Artık bu devlet, kendi vatandaşının ihtiyacını karşılamakla kalmayıp dünyanın herhangi bir noktasındaki mazlumun sesine kulak veren, mazlumun gözyaşını silen güçlü bir devlet” dedi.
‘GÜÇLENDİKÇE SALDIRIYORLAR’
Türkiye güçlendikçe, bundan rahatsız olanların saldırıya geçtiğini belirten Başkan Fikret Yeni, konuşmasını şöyle sürdürdü:
“Tabi böyle güçlü bir devlet olunca her türlü oyun oynanıyor. Biz bu oyunları çok gördük. Bu oyunları ecdadımız da gördü.
Dikkat edin devletimiz güçlendikçe saldırılar artıyor. Ama onlar saldırdıkça hamdolsun bu millet birlik beraberlik içinde o saldırıları defediyor.
Bakın 7 Şubat 2012, artık devletimiz güçlenmeye başladı. Artık devletimiz borç alan devlet olmaktan çıktı. Artık devletimiz İMF'den borç para talep eden devlet olmaktan çıktı, tam aksine al kardeşim ihtiyacı olanlara kullandırırsın diye 5 milyon doları İMF'ye borç olarak veren güçlü bir devlet haline geldi. Hemen ne yaptılar? MİT Müsteşarını ifadeye çağırmak suretiyle bir operasyon çekmeye çalıştılar.
Ondan sonra ne yaptılar?

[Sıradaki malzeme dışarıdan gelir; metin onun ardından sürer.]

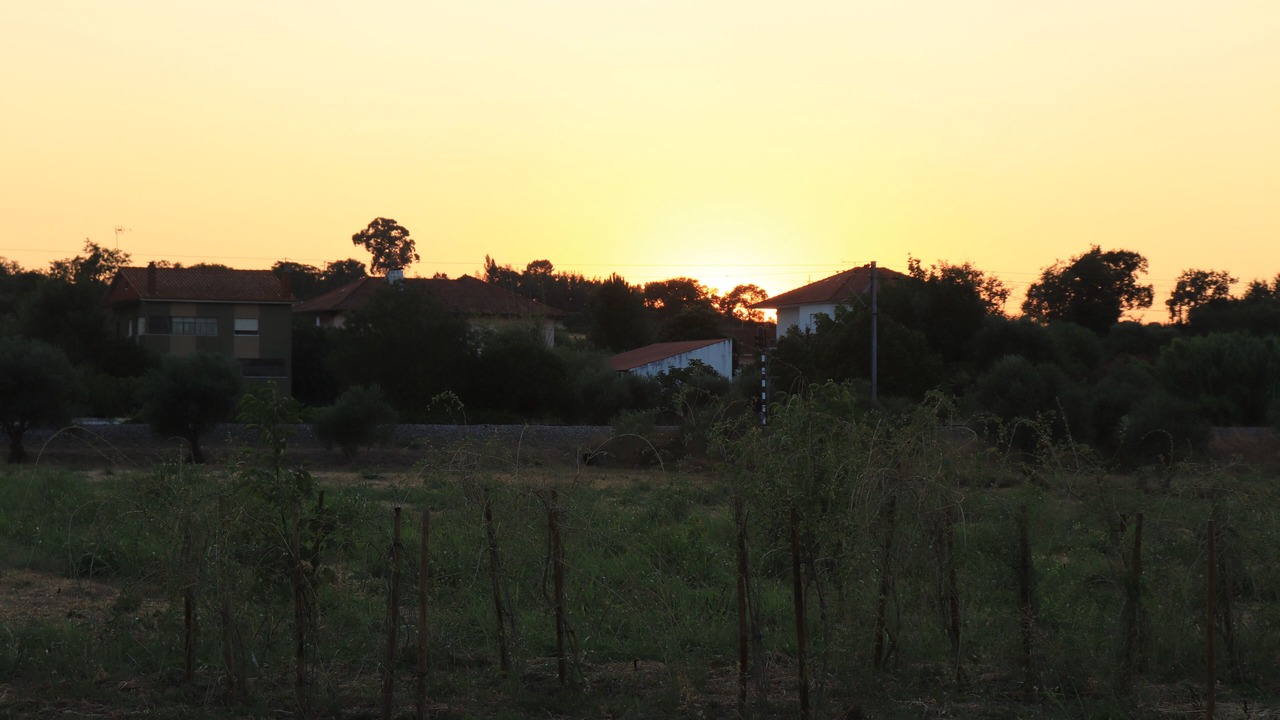 Photo of Outdoor in Santa Maria dos Olivais
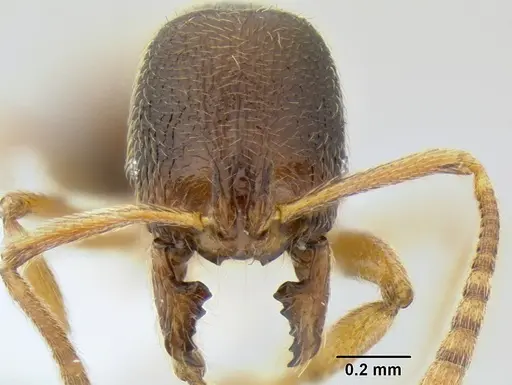 Stenamma ochrocnemis specimen CASENT0622160 image casent0622160_2
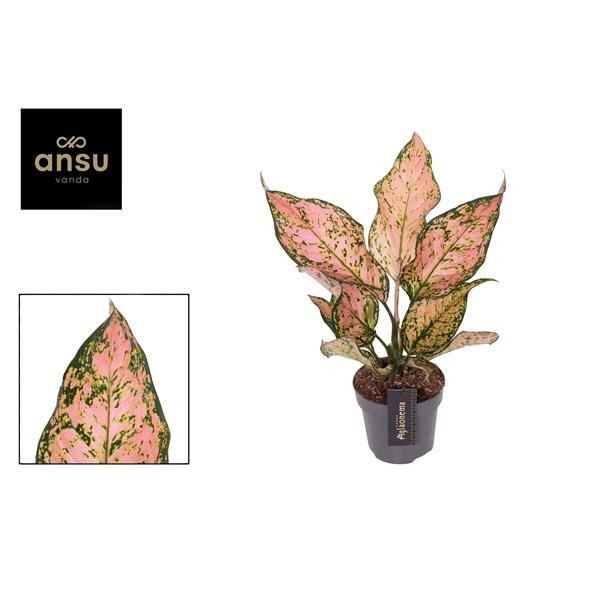 Горшечные цветы и растения оптом Aglaonema Pink Dolphin от 6шт из Голландии с доставкой по России
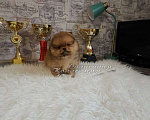 Собаки в Москве: Померанский шпиц мини медежоночек Мальчик, Бесплатно - фото 1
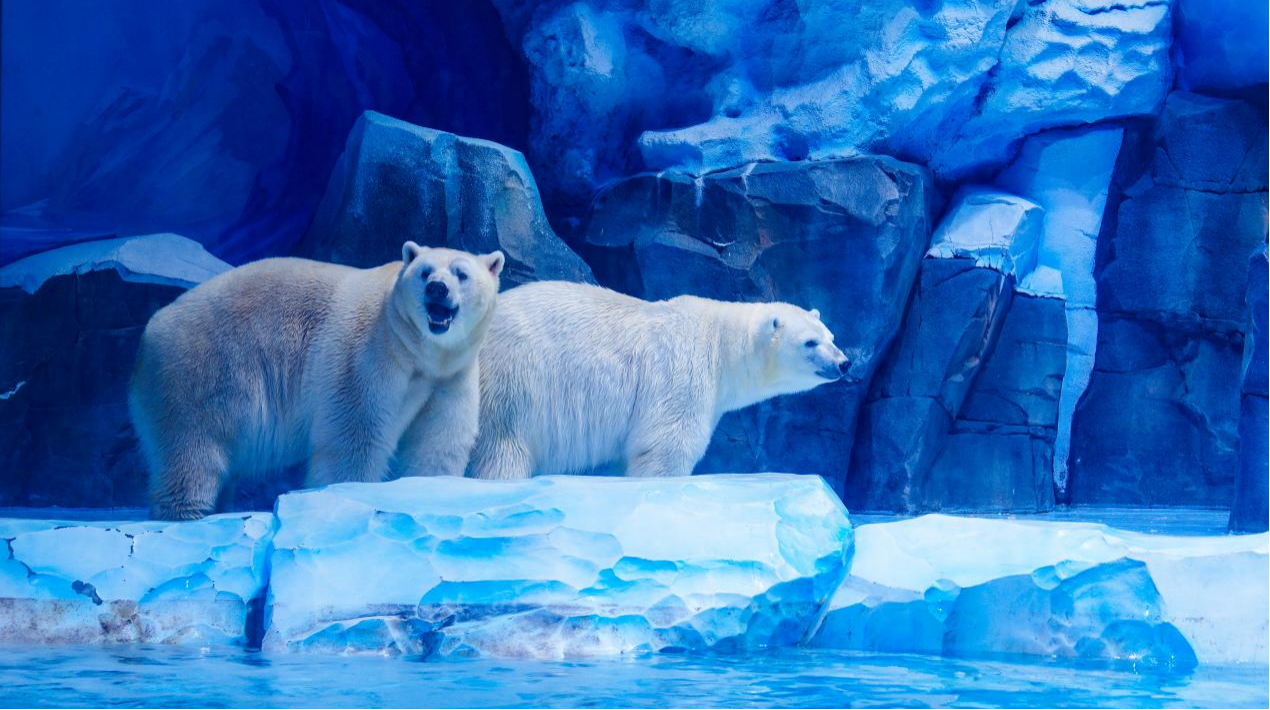 冰球突破-冰球电游豪华版_MG冰球游戏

Gezi olaylarını yaptılar. 2002 yılında iktidara geldiğinde İMF'ye milyarlarca borcu olan Türkiye Cumhuriyeti Devleti İMF'ye olan borcunu kuruşu kuruşuna ödediği gün gezi olaylarını çıkardılar. Dertleri 3-5 tane ağaç değildi. Güçlenen Türkiye'ydi. Dertleri ümmetin imdadı olacak Türkiye Cumhuriyeti Devleti'nin yeniden doğuşuydu.
Ondan sonra ne yaptılar. MİT TIR’ları operasyonuyla devletimizi itibarsızlaştırmaya çalıştılar.
Ondan sonra ne yaptılar? 17-25 Aralık operasyonu çektiler. Yargı ve emniyet operasyonu.
15 Temmuz hain darbe kalkışmasına yeltendiler. O da tutmadı.
Bu söylediğim operasyonların tamamının bir tek hedefi vardı. O hedef liderimiz, Türkiye Cumhuriyeti Cumhurbaşkanı, Türkiye Cumhuriyeti Başkomutanı Sayın Recep Tayyip Erdoğan'dı. Bu millet her zaman gereken cevabı verdi. Ama en güzel cevabı 15 Temmuz gecesi verdi. Milletimiz tek yumruk olarak dedi ki ‘Ey gafiller sizler bu milletin başı olan, bu millete hayal dahi edilemeyen hizmetleri gerçekleştiren Recep Tayyip Erdoğan’ı yetirtmedik, bundan sonra da yedirtmeyeceğiz’ dedi.